Tracking the Professional and Economic Outlook of Congregations
NORC’s congregation studies explore America’s places of worship
Churches, synagogues, and other places of worship provide a social and spiritual anchor in the communities that they serve, but they are also economic entities with staff to pay, and debts, income, and properties to manage. Since 1998, when NORC conducted the first wave of data collection for the National Congregations Study (NCS), NORC has examined places of worship from a variety of angles, including the professional and economic. NORC is about to begin the fourth wave of data collection for the NCS in collaboration with Duke University. The study, which is funded primarily by the Lilly Endowment and draws additional support from the John Templeton Foundation and the Pew Research Center, has gathered data on a range of congregational characteristics, including worship activities, finances, staff configurations, and connections with other religious and community groups.
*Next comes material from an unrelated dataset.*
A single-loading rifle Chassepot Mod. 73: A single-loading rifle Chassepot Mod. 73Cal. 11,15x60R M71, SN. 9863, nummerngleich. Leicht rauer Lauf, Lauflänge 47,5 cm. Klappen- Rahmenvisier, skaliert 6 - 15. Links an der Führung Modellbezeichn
The latest wave will also explore such topics as congregations’ social media use, leadership challenges, and wellness activities.
As part of the fourth wave of the NCS, NORC is conducting the National Survey of Religious Leaders (NSRL), the first-ever nationally representative survey of religious leaders from across the religious spectrum that includes part-time, assistant, and specialist ministerial staff in addition to full-time ministerial staff and head clergy. The subjects the NSRL will explore include attitudes and practices related to mental health and the relationship between science and religion, as well as features of the religious leaders’ jobs and careers, including their community and political involvement and their engagement with the larger religious world. In a separate but related study, NORC is conducting the National Study of Congregations’ Economic Practices, which will help scholars, clergy, and lay leaders better understand how American congregations receive, manage, and spend resources, as well as their theological, cultural, and practical orientations toward money.